#### Items from a data source
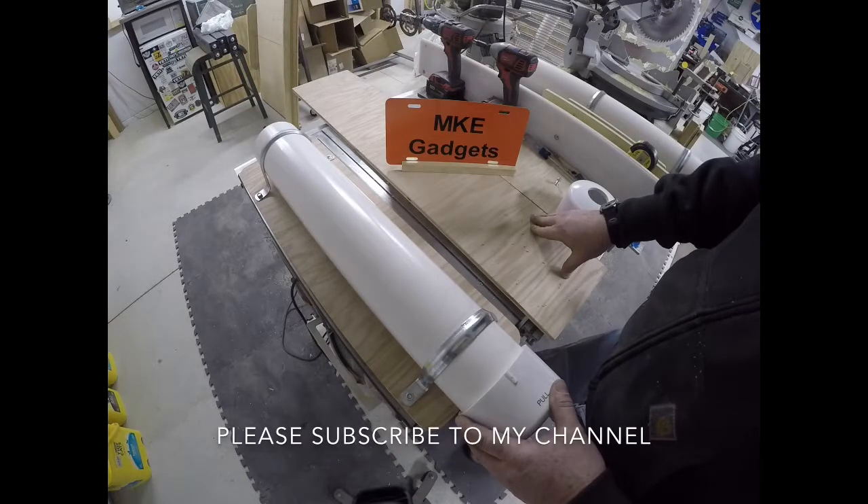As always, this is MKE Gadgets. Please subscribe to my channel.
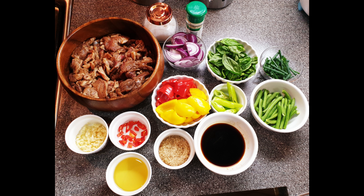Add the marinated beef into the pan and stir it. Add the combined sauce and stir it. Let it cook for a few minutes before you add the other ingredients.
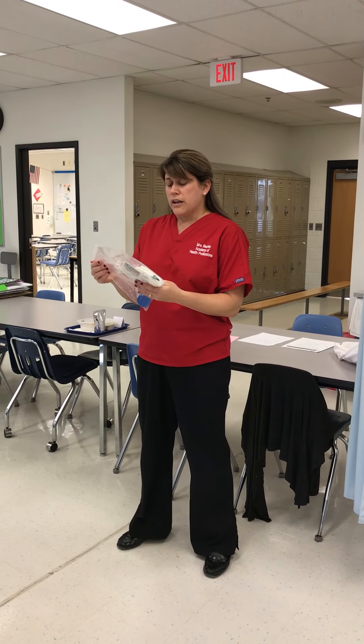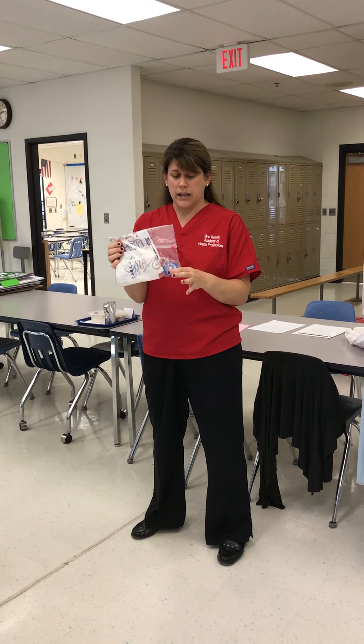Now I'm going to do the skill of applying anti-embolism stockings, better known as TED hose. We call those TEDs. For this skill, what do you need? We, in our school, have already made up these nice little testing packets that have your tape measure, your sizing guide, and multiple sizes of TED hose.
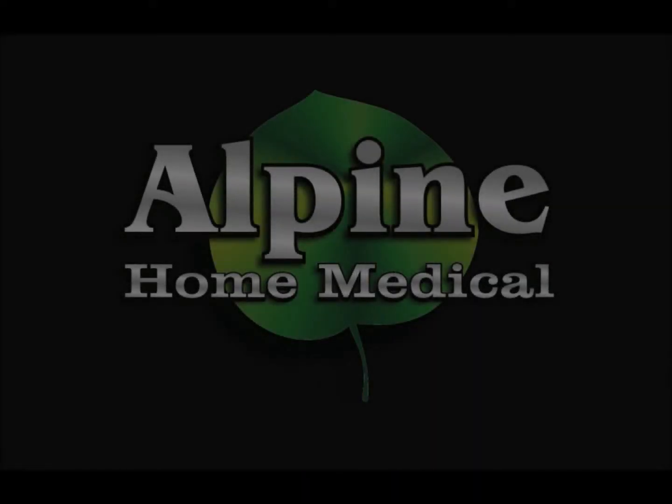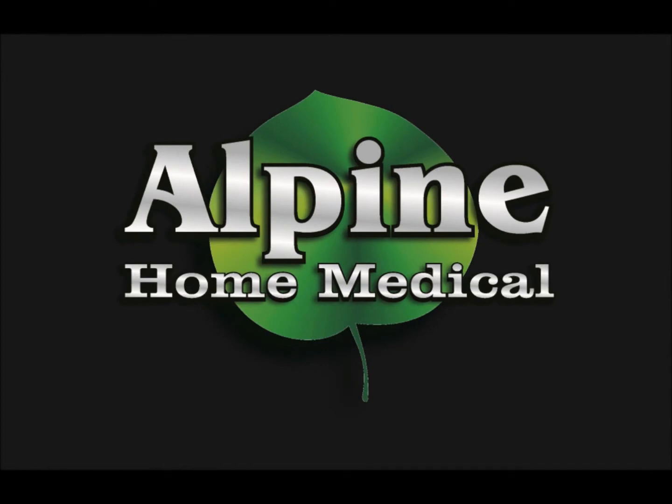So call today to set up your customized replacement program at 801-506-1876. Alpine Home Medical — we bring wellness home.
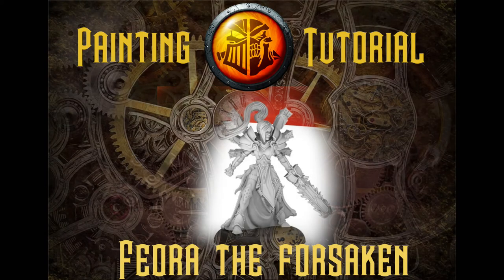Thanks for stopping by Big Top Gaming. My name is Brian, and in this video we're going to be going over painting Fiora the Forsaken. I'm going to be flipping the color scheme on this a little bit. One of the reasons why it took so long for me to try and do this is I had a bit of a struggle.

#### Exercise goal
Write out exactly the opening lines of the data, stopping after the line that holds "So call today". Exclude pictures.

#### Answer section
As always, this is MKE Gadgets. Please subscribe to my channel.
Add the marinated beef into the pan and stir it. Add the combined sauce and stir it. Let it cook for a few minutes before you add the other ingredients.
Now I'm going to do the skill of applying anti-embolism stockings, better known as TED hose. We call those TEDs. For this skill, what do you need? We, in our school, have already made up these nice little testing packets that have your tape measure, your sizing guide, and multiple sizes of TED hose.
So call today to set up your customized replacement program at 801-506-1876. Alpine Home Medical — we bring wellness home.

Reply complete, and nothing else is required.